“A sailor without a tattoo is like a ship without grog: not seaworthy.”
–Samuel O’Reilly, American Tatoo Artist

Unlike the army tattoo policy that only relaxed in 2015, The Navy has been practicing tattooing since the 1700s, when Navy Captain James Cook influenced seafarers through their voyages. In 1786, the Native Tahitian inks inspired these sailors. In the 19th century, tattooing became a maritime tradition.  Sailors traveled pretty light in those days, and many were illiterate.  Tattoos served as a visual record of the accomplishments, travels, professional talents, and even the superstitions of seafaring men.

George Burchett-Davis, a great navy tattooist who joined the Royal Navy at the age of 16, even has a posthumous book published in 1958 titled “Memoirs of a Tattooist: From the Notes, Diaries, and Letters of the Late ‘King of Tattooists.'”

These symbols can still be seen in modern tattoos, so let’s dive in and have a look at some of these classic tats.

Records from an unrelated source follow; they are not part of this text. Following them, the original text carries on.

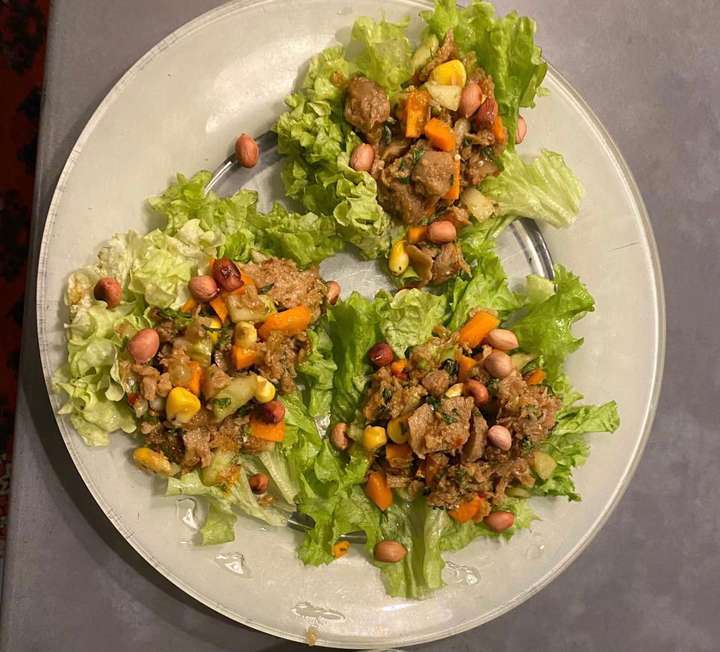 Lettuce soya wrap.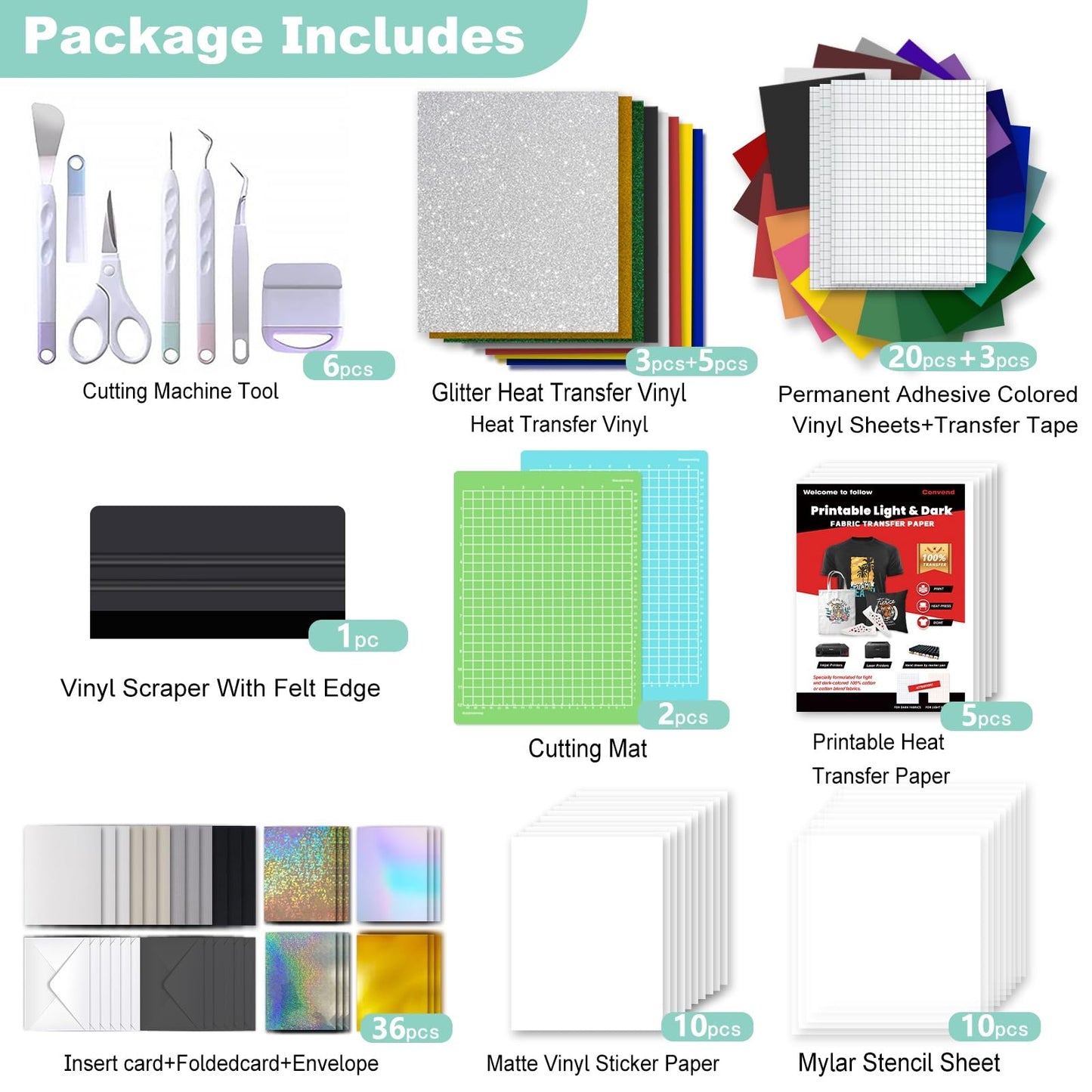 Convend The Ultimate Accessories and Supplies Bundle for Xtra - 101Pcs Craft Starter Kit with Weeding Tools, Heat Transfer Vinyl, Permanent Vinyl, Transfer Paper, Card Kit for Crafting Projects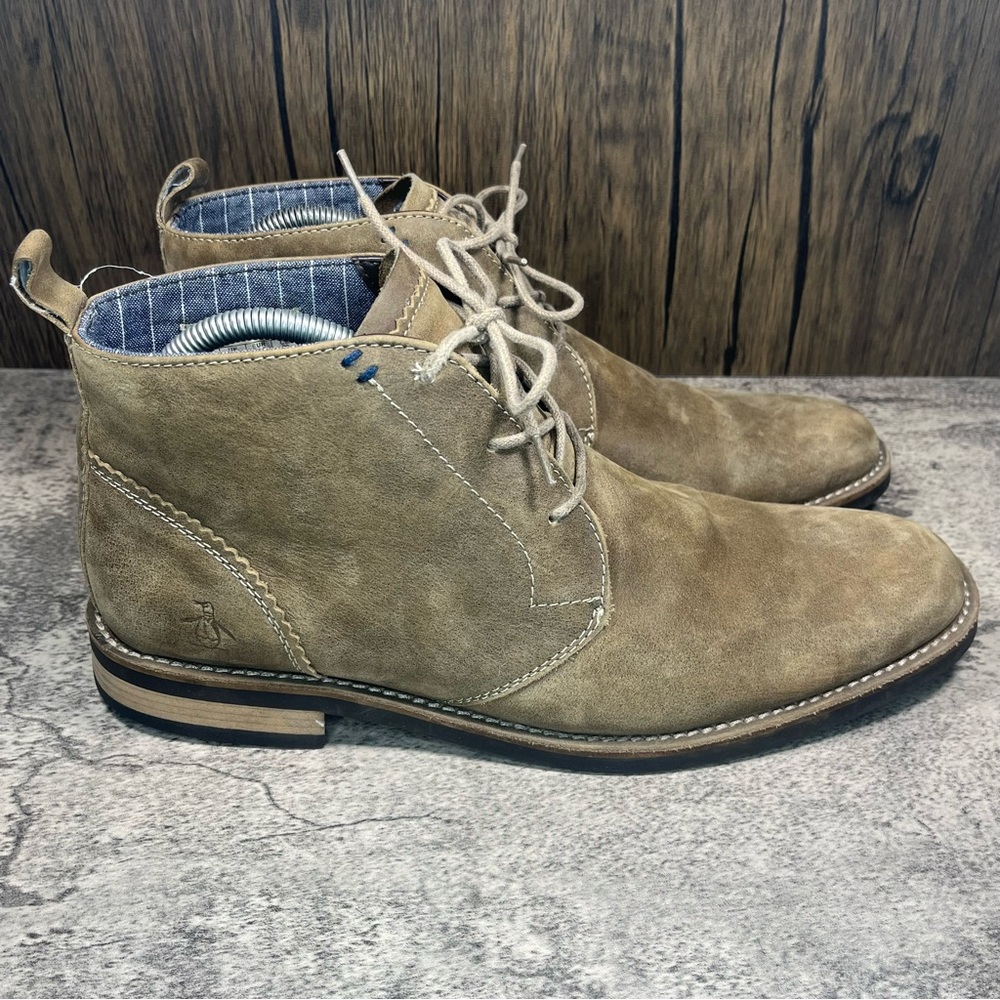 Original Penguin Mens Brown Monty Leather Chukka Boots Size 11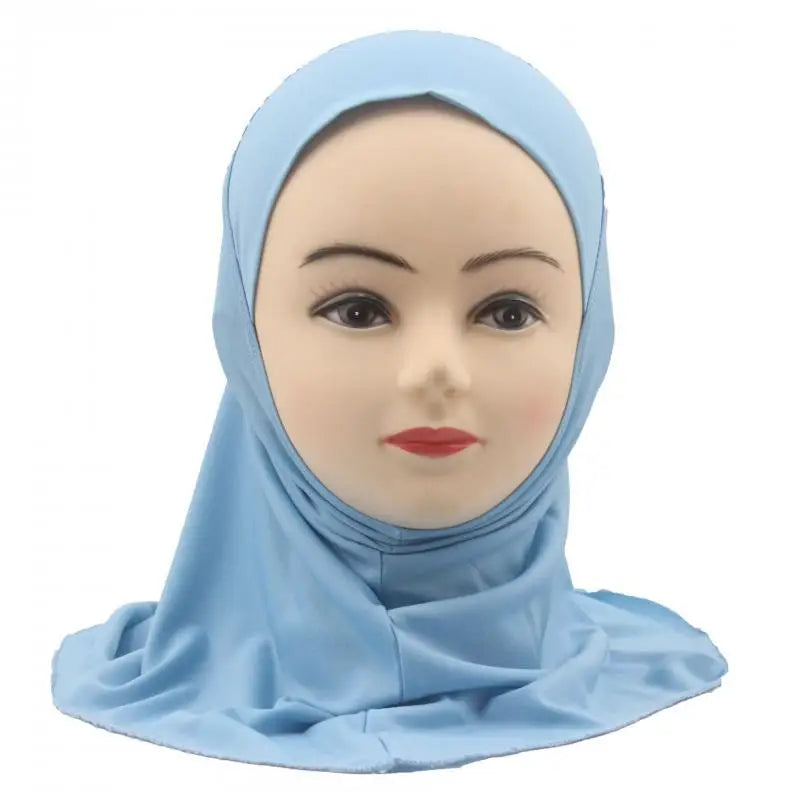 Kids Islamic Hijab Arab Girls Muslim Turban Scarf Shawls Cap Solid Color Fit 2-6 Years Old Children Wear Directly Instant Hijab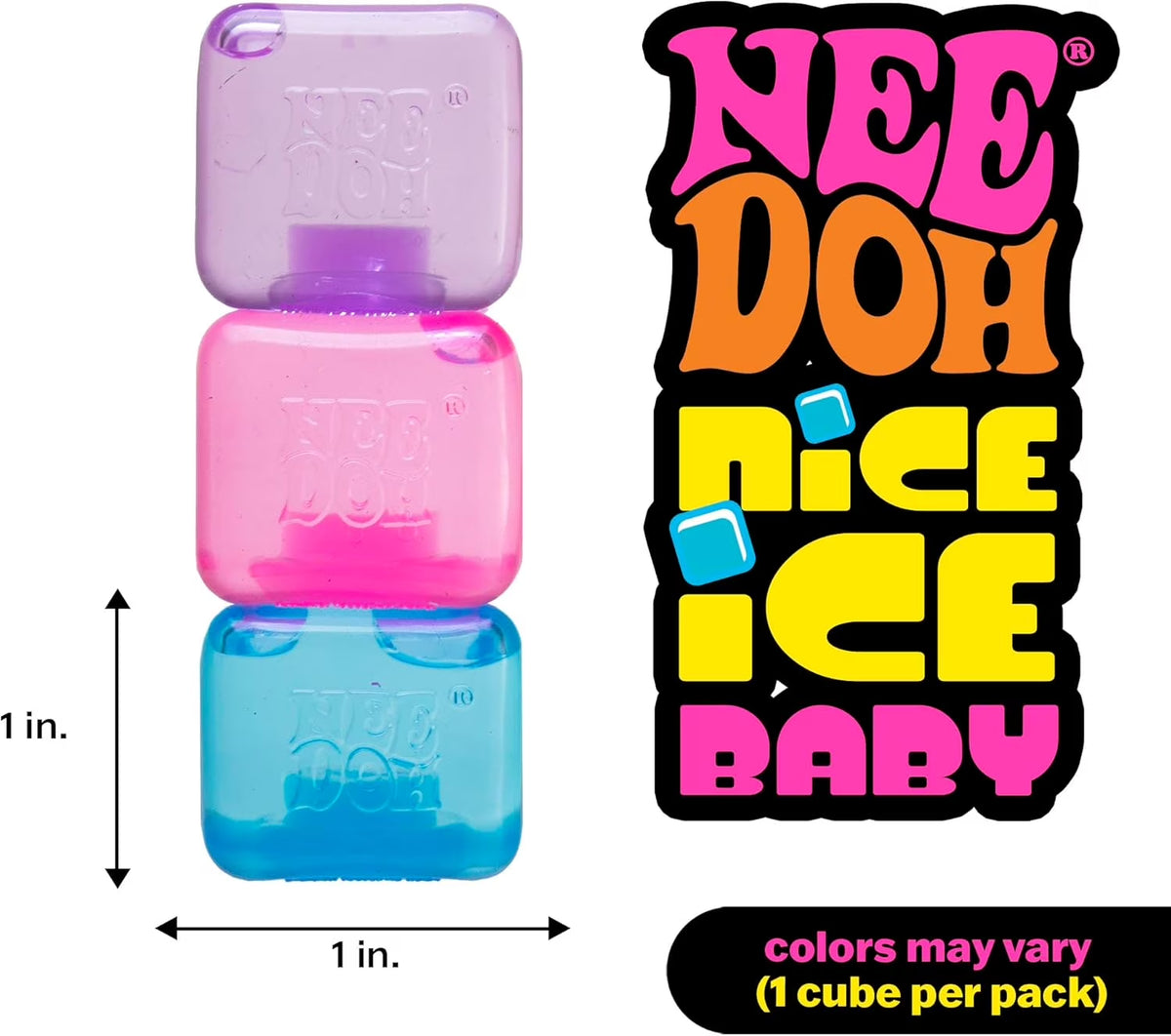 Schylling  Nice Ice Baby - Sensory Squeeze Toy - Single Mini Nice Cube in Assorted Colors - Ages 3+ (Pack of 1)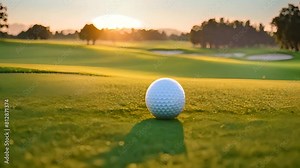 Golf Ball Resting on Sunset Golf Course Generative AI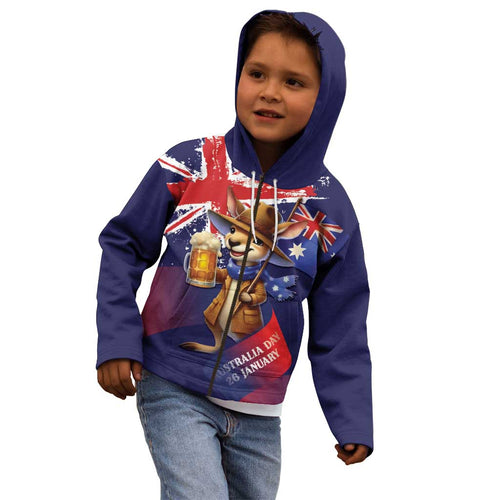 Australia Day Kangaroo Flag Kid Hoodie Aussie Aussie Aussie Oi Oi Oi - Aussie Hoodie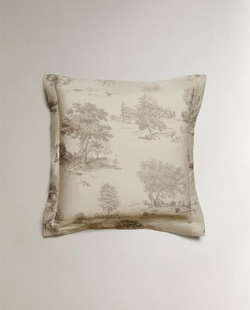 ZARA HOME НАВОЛОЧКА ИЗ САТИНА С УЗОРОМ ТУАЛЬ-ДЕ-ЖУИ, СЕРЫЙ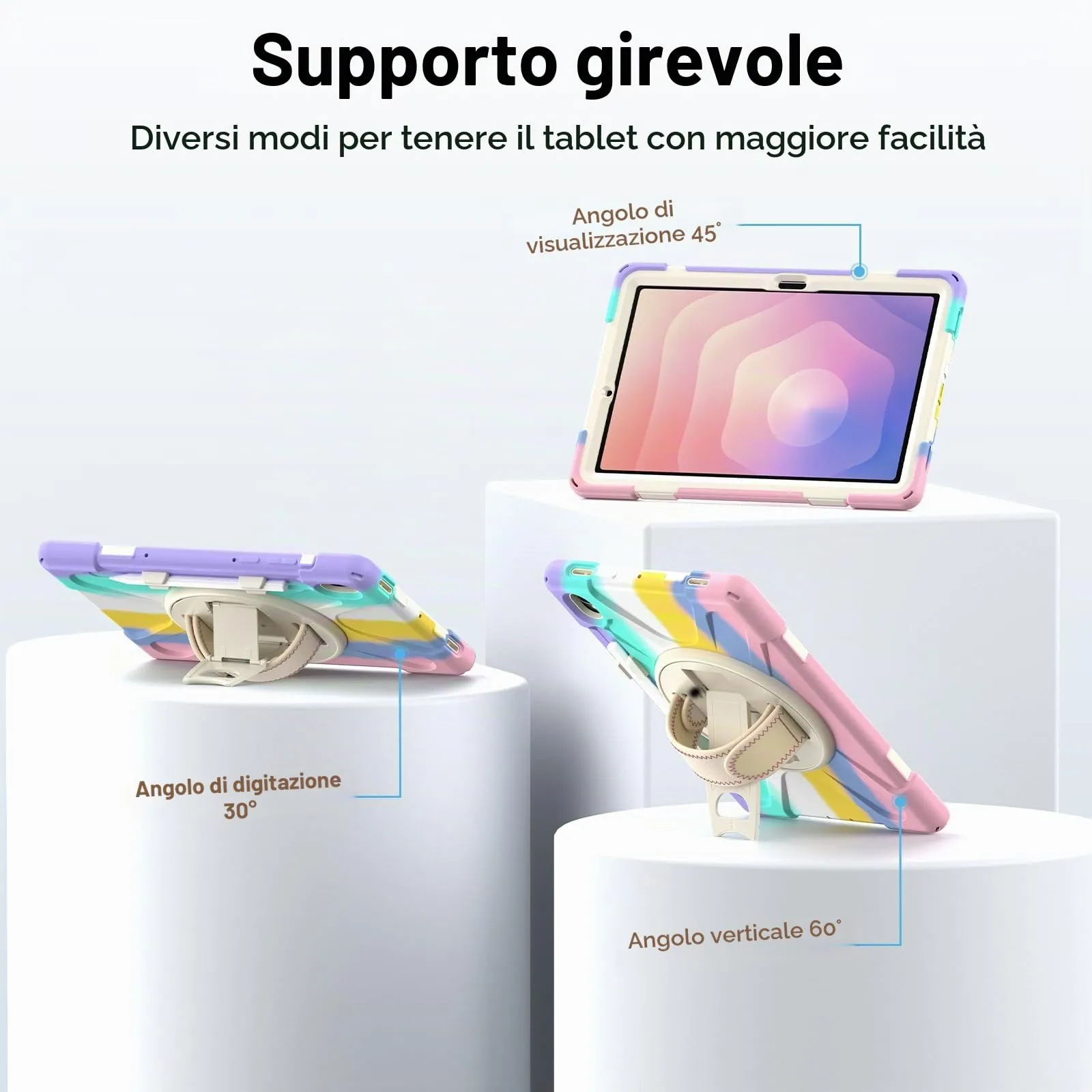 Gerutek Cover per Samsung Galaxy Tab S11 11 Pollici 2025, Arcobaleno - immagine 5
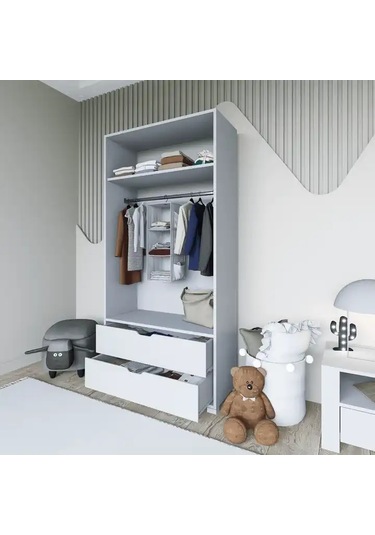 Duru 90 Cm Mat Beyaz 2 Kapılı 2 Çekmeceli Elbise Dolabı - Gardırop Beyaz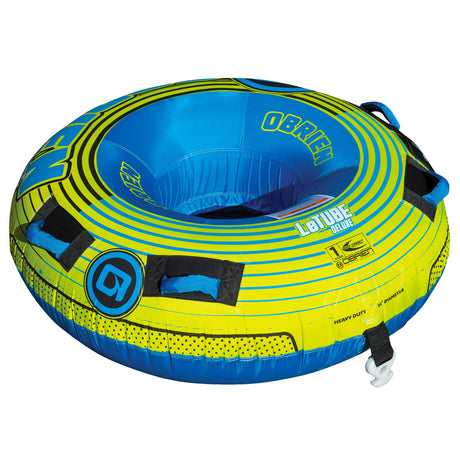 OBrien LeTube Deluxe, single-rider, blue/yellow with black handles and logo.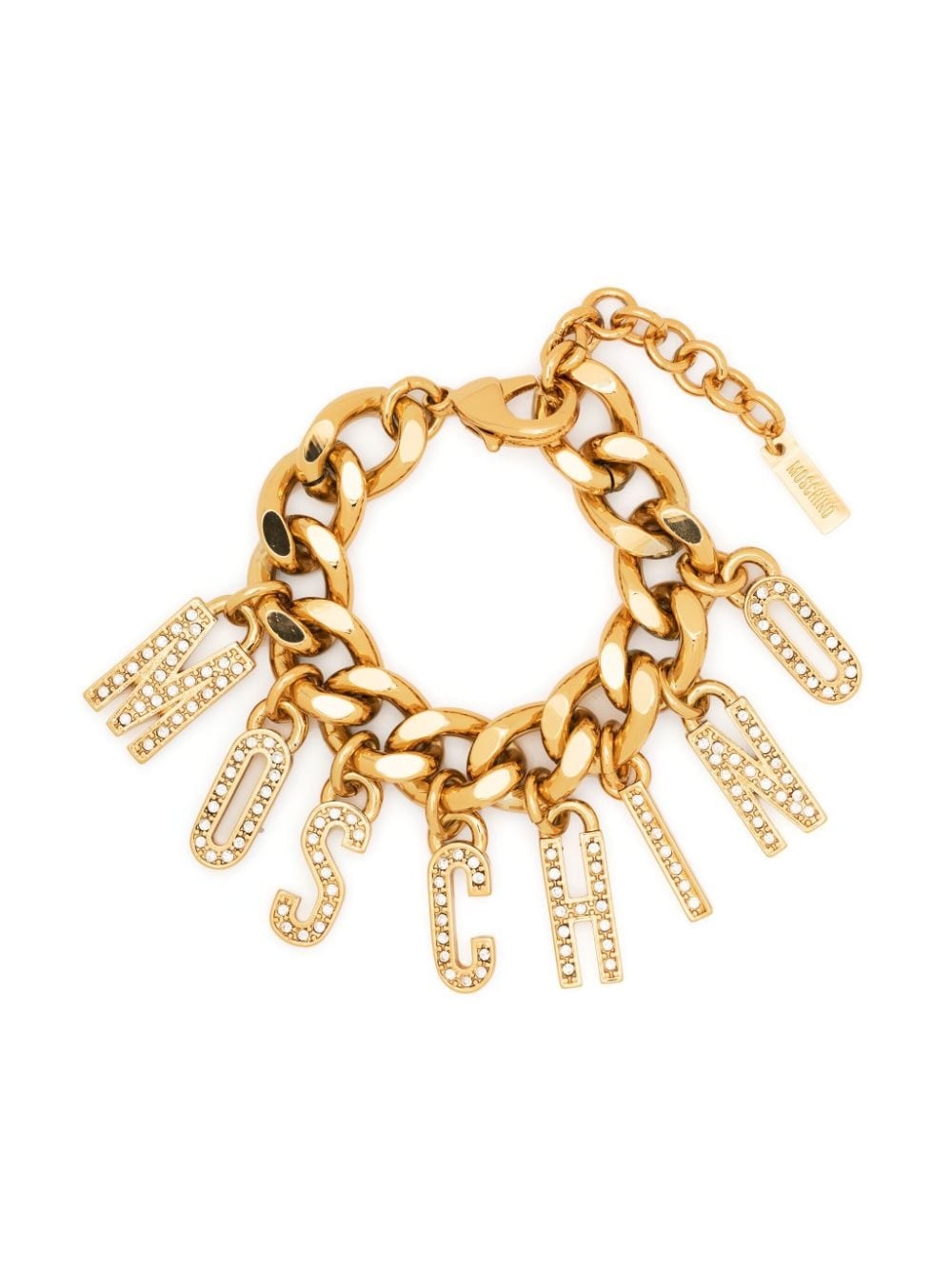 logo-charm Cuban-chain bracelet - 1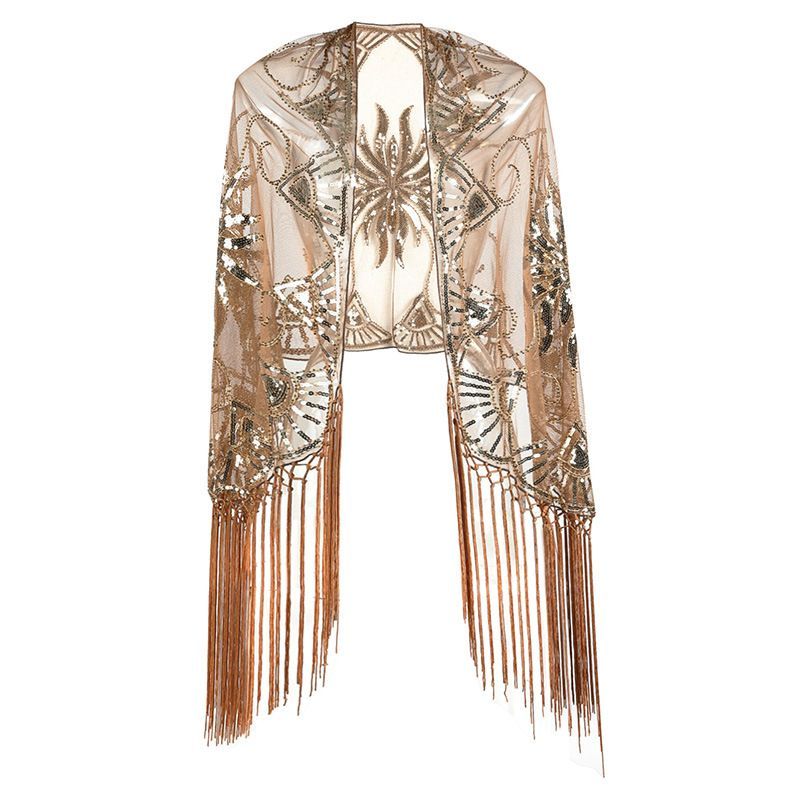 1920s Black Gold Sequin Fringe Shawl for Evening Party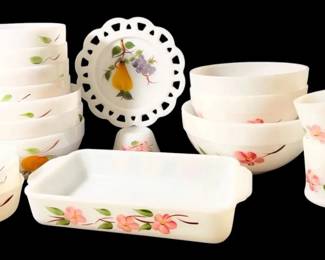 Fire King Peach Blossom Bowl Set, Baking Dish  More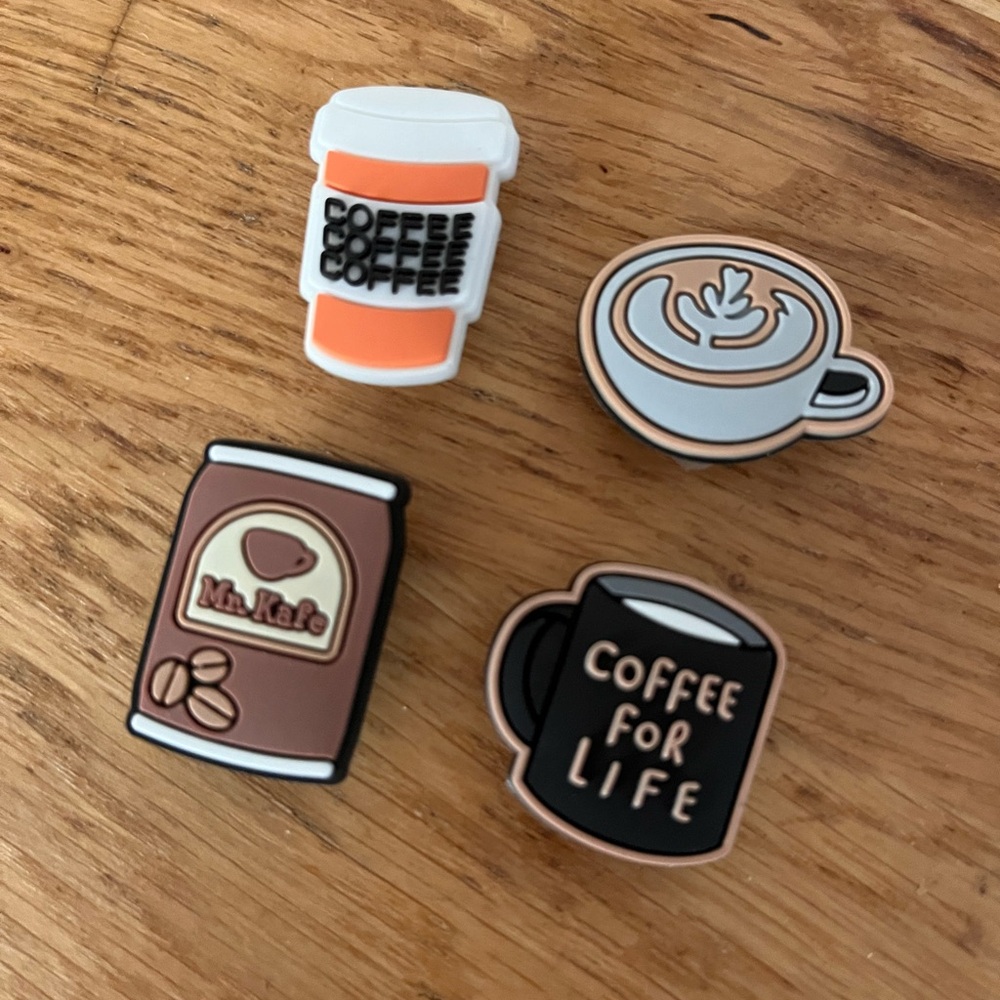 Coffee Themed Enamel Pins Set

An anchor tattoo. ©Fred Antoine / Wikimedia Commons

This indicates that the seaman had crossed the Atlantic Ocean. Nowadays, this is the first tattoo that a young sailor acquires, more like an initiation rite into the naval service. For the civilians, the symbol indicates stability.


Nautical Star

A nautical star tattoo. ©Tina from Auckland, New Zealand / Wikimedia Commons

It is said that the Nautical Star is used to ward off the seafarers from getting lost in the sea. It represents the North Star that moves around above the North Pole. Sailors keep an eye on this star so they can find true north, helping them determine their ship’s position. A compass rose has a similar purpose.